Open In App

Voting in Machine Learning

Last Updated : 08 Jan, 2024
Improve
Improve
Like Article
Like
Save
Share
Report

What is Sklearn?

Scikit-learn also known as Sklearn is a machine-learning package for Python. The name Sklearn is derived from the SciPy Toolkit. Sklearn is built on NumPy, SciPy, and Matplotlib and has two major implications :

  • Sklearn is very fast and efficient.
  • It often prefers working with arrays.

Advantages of using sklearn

  1. Incredible documentation
  2. Variety – In terms of ML, Sklearn is the leading package concerning variety such as Regression, Classification, Clustering, Support vector machines, and Dimensionality reduction.
  3. Numerical stability – Sklearn is famously numerical stable. The basic idea is that as we know training an algorithm is about performing complicated mathematical operations in a background, so when the numbers you are dealing with are too small or too big, then your code may break that’s why numerical stability is important.

The Voting in sci-kit-learn (Sklearn) allows us to combine multiple machine-learning modules and use a majority vote or a weighted vote to make predictions. It’s a way to ensemble different models for potentially better performance.

The Voting in Sklearn is an ensemble method that combines multiple individual classifiers or regressors to make predictions. It supports both hard and soft voting strategies. Now let’s understand what is ensemble learning.

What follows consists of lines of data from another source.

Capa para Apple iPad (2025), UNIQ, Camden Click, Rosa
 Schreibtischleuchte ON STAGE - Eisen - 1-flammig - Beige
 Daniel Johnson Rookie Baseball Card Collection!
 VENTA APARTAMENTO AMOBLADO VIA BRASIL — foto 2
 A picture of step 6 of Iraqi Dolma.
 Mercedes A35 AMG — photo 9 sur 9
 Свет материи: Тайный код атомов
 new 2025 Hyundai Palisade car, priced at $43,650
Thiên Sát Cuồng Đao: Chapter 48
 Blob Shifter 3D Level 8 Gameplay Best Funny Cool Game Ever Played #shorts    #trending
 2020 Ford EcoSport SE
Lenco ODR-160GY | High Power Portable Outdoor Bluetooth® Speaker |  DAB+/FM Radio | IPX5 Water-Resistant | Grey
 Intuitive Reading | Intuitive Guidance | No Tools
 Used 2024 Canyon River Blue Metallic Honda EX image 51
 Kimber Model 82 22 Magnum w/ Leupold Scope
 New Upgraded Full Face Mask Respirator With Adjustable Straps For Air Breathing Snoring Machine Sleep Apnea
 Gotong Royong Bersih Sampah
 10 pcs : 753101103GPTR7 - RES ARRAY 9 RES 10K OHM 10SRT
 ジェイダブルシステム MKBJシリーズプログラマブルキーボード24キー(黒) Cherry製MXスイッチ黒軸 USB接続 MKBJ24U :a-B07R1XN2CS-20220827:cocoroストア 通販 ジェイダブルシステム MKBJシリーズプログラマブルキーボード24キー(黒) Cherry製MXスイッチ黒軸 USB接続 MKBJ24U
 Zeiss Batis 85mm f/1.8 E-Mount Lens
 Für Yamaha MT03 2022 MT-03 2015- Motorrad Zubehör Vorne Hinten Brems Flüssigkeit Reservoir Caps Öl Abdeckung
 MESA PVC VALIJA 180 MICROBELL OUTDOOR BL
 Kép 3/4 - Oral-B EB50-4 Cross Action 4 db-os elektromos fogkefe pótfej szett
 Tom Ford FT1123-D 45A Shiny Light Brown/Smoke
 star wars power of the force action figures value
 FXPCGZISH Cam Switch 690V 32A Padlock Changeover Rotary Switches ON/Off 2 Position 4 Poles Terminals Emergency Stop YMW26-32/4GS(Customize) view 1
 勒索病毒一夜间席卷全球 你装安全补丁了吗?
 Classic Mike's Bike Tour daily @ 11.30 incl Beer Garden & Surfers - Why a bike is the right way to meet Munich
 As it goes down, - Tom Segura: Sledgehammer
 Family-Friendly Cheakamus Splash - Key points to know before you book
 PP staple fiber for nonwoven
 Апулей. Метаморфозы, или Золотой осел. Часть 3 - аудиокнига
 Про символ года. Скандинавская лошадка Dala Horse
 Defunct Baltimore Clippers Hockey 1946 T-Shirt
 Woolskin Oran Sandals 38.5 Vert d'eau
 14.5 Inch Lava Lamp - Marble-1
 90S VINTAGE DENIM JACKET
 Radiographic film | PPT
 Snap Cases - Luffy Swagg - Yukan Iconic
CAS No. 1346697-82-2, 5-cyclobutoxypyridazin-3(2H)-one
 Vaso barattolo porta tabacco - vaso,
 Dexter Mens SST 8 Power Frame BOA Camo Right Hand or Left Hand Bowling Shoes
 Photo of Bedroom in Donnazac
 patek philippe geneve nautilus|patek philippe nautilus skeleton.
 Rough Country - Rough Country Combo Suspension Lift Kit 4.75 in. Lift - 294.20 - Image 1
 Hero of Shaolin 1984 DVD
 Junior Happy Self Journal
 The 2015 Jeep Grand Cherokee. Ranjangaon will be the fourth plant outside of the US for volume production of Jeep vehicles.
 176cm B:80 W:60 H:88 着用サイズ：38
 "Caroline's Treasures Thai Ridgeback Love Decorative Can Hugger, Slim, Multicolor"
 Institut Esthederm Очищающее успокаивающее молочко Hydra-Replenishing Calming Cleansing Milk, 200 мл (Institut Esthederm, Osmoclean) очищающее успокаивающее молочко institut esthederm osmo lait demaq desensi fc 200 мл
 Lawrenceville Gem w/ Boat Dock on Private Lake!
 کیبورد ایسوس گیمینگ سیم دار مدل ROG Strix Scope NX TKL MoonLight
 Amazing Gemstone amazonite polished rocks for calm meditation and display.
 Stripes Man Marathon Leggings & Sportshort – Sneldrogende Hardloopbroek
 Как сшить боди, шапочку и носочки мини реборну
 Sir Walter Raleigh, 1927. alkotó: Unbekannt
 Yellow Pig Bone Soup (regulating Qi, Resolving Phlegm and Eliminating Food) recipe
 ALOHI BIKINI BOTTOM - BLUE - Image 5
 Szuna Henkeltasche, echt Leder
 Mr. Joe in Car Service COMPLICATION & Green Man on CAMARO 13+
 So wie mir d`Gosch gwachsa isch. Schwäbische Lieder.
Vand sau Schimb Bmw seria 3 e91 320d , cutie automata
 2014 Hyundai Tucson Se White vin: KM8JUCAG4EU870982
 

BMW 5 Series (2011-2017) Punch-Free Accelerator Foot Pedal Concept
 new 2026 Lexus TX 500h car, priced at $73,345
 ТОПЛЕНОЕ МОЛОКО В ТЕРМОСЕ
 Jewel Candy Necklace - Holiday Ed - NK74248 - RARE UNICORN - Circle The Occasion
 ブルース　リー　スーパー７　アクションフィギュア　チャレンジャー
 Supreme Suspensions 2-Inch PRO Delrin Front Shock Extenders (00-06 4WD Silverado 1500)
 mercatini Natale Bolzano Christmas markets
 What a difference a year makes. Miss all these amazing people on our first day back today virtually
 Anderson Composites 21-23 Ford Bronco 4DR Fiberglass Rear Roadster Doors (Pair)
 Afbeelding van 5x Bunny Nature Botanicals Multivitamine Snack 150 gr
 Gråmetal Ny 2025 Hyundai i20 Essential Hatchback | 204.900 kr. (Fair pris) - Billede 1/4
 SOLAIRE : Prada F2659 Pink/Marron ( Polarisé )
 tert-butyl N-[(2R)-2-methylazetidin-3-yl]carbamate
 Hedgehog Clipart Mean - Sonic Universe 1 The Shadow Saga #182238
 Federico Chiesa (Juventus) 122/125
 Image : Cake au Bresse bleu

Ensemble learning is a powerful technique in machine learning where multiple models are combined to improve overall predictive performance and robustness. The fundamental idea is that by aggregating the predictions of diverse models, the weaknesses of individual models can be mitigated, leading to more accurate and reliable results.

One popular form of ensemble learning is the Voting Classifier. This approach involves training multiple base models independently and then combining their predictions through a voting mechanism. The aggregated decision, whether by majority vote or weighted voting, often yields better generalization and predictive performance than any individual model.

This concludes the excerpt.